_Exercise details:_
In the material below, find the line with "By the way, if" and the line with "We're going to", then output both and every line between them exactly, omitting pictures.

_Exercise material:_
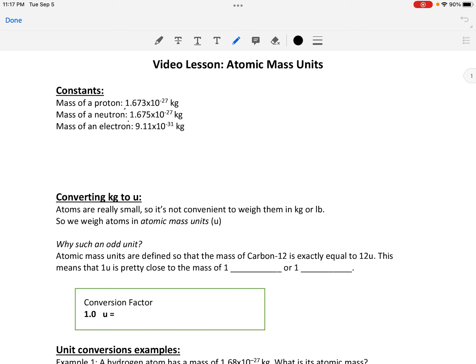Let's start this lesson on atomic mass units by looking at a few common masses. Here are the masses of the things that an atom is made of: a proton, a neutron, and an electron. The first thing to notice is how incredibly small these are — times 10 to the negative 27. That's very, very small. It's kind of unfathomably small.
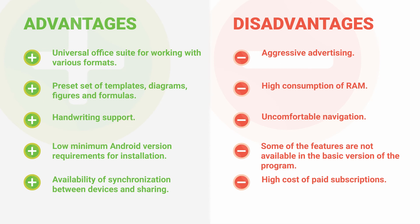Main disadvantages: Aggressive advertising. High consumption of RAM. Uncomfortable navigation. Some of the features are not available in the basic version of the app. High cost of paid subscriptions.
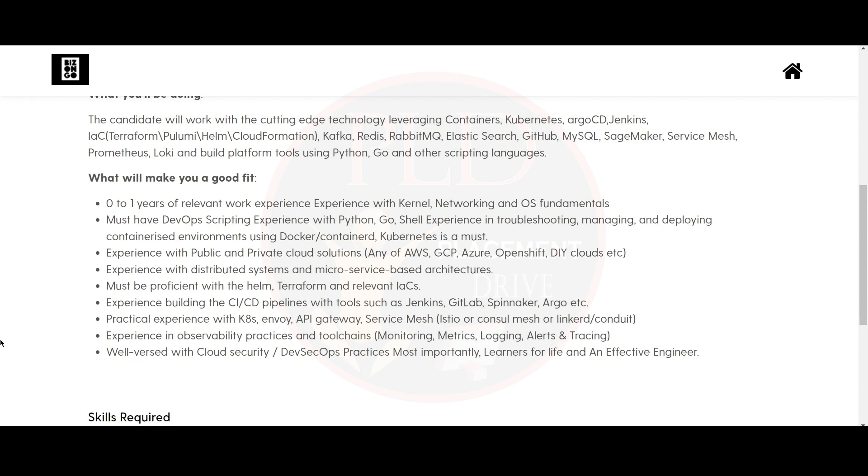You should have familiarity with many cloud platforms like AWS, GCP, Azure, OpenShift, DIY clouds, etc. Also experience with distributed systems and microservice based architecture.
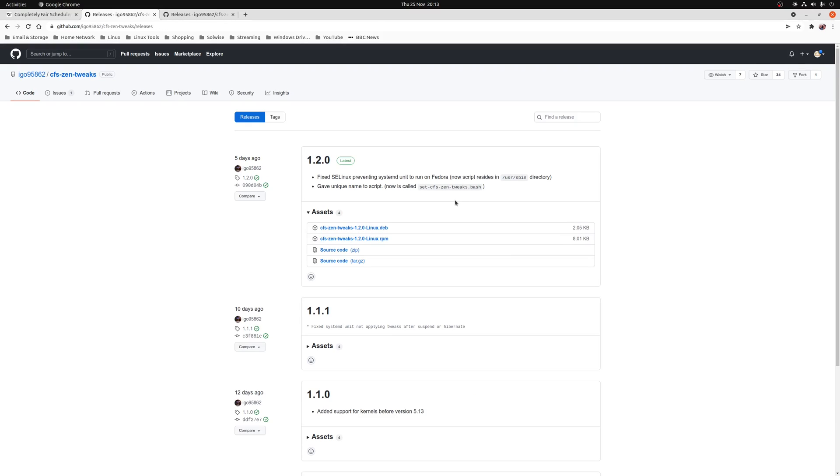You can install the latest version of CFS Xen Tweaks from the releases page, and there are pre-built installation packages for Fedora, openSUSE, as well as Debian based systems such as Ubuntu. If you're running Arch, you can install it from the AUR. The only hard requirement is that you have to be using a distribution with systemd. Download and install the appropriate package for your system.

==

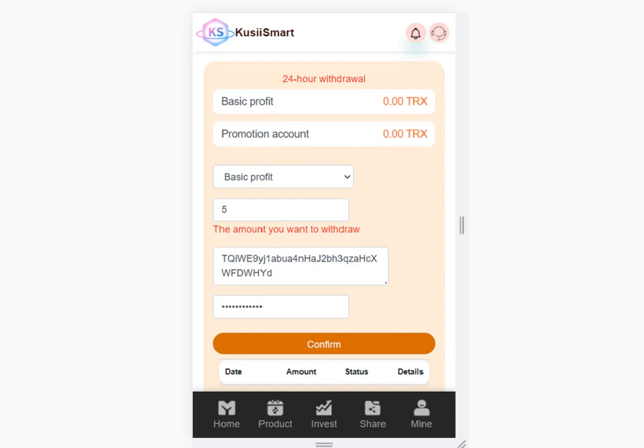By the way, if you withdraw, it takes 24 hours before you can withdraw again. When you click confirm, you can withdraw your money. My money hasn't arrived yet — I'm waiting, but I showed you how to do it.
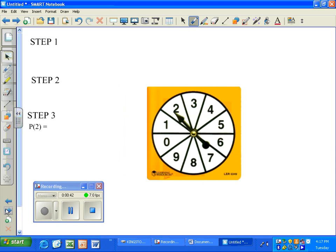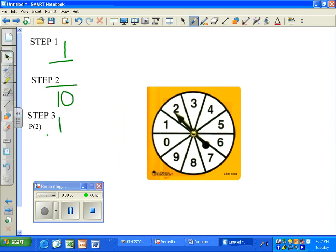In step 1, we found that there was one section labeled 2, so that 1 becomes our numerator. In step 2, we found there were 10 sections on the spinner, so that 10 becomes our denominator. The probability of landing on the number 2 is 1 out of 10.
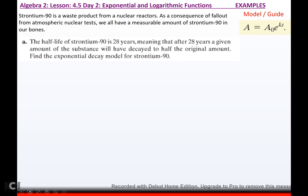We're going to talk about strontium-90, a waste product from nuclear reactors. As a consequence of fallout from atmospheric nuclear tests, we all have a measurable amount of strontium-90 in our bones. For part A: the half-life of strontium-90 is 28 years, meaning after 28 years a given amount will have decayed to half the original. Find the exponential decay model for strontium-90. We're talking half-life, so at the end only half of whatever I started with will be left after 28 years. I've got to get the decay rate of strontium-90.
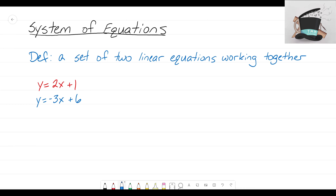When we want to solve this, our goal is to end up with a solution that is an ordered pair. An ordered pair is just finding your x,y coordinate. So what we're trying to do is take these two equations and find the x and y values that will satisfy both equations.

---

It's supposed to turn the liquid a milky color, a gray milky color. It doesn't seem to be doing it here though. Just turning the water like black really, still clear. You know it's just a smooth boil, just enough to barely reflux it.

_Solution for this task:_
By the way, if you withdraw, it takes 24 hours before you can withdraw again. When you click confirm, you can withdraw your money. My money hasn't arrived yet — I'm waiting, but I showed you how to do it.
In step 1, we found that there was one section labeled 2, so that 1 becomes our numerator. In step 2, we found there were 10 sections on the spinner, so that 10 becomes our denominator. The probability of landing on the number 2 is 1 out of 10.
We're going to talk about strontium-90, a waste product from nuclear reactors. As a consequence of fallout from atmospheric nuclear tests, we all have a measurable amount of strontium-90 in our bones. For part A: the half-life of strontium-90 is 28 years, meaning after 28 years a given amount will have decayed to half the original. Find the exponential decay model for strontium-90. We're talking half-life, so at the end only half of whatever I started with will be left after 28 years. I've got to get the decay rate of strontium-90.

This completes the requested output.